Это был, так сказать, дописьменный век истории моего писательства. За ним вскоре пришёл и «письменный».
В третьем классе рассказчик увлёкся Жюлем Верном и написал сатирическую поэму о путешествии учителей на Луну. Поэма имела большой успех, а поэт был наказан.
Затем наступила эра сочинений. Рассказчик слишком вольно, по мнению учителя, раскрывал темы, за что был оставлен на второй год. Это пошло мальчику только на пользу: он попал к новому словеснику, который не препятствовал полёту фантазии. До сих пор рассказчик вспоминает о нём с благодарностью.
Затем наступил третий период — рассказчик перешёл к «собственному». Лето перед восьмым классом он провёл «на глухой речушке, на рыбной ловле». Рыбачил он в омуте у неработающей мельницы, в которой жил глухой старик. Эти каникулы произвели на рассказчика такое сильное впечатление, что во время подготовки к экзаменам на аттестат зрелости он отложил все дела и написал рассказ «У мельницы».
Я увидал мой омут, мельницу, разрытую плотину, глинистые обрывы, рябины, осыпанные кистями ягод, деда... Живые, — они пришли и взяли.
Что делать со своим сочинением, рассказчик не знал. В его семье и среди знакомых почти не было интеллигентных людей, а газет он тогда ещё не читал, считая себя выше этого. Наконец рассказчик вспомнил вывеску «Русское обозрение», которую видел по дороге в школу.
Поколебавшись, рассказчик отправился в редакцию и попал на приём к главному редактору — солидному, профессорского вида господину с седеющими кудрями. Он принял тетрадь с рассказом и велел зайти через пару месяцев.
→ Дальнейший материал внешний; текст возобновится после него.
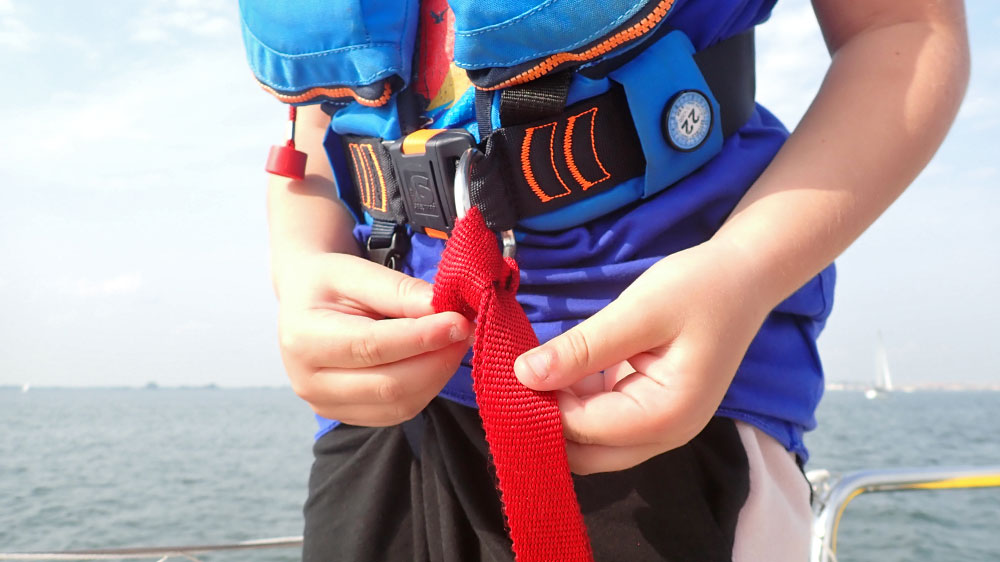 blauwasser_segeln_kinder_sicherheit_yacht_mob_lifeline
Затем публикация рассказа отложилась ещё на два месяца, рассказчик решил, что ничего не выйдет, и был захвачен другим.
Письмо из «Русского обозрения» с просьбой «зайти переговорить» рассказчик получил только в следующем марте, уже будучи студентом. Редактор сообщил, что рассказ ему понравился, и его опубликовали, а затем посоветовал писать ещё.
Я не сказал ни слова, ушёл в тумане. И вскоре опять забыл. И совсем не думал, что стал писателем.
Экземпляр журнала со своим сочинением рассказчик получил в июле, два дня был счастлив и снова забыл, пока не получил очередное приглашение от редактора. Тот вручил начинающему писателю огромный для него гонорар и долго рассказывал об основателе журнала.
Рассказчик чувствовал, что за всем этим «есть что-то великое и священное, незнаемое мною, необычайно важное», к чему он только прикоснулся. Он впервые ощутил себя другим, и знал, что должен «многое узнать, читать, вглядываться и думать» — готовиться стать настоящим писателем.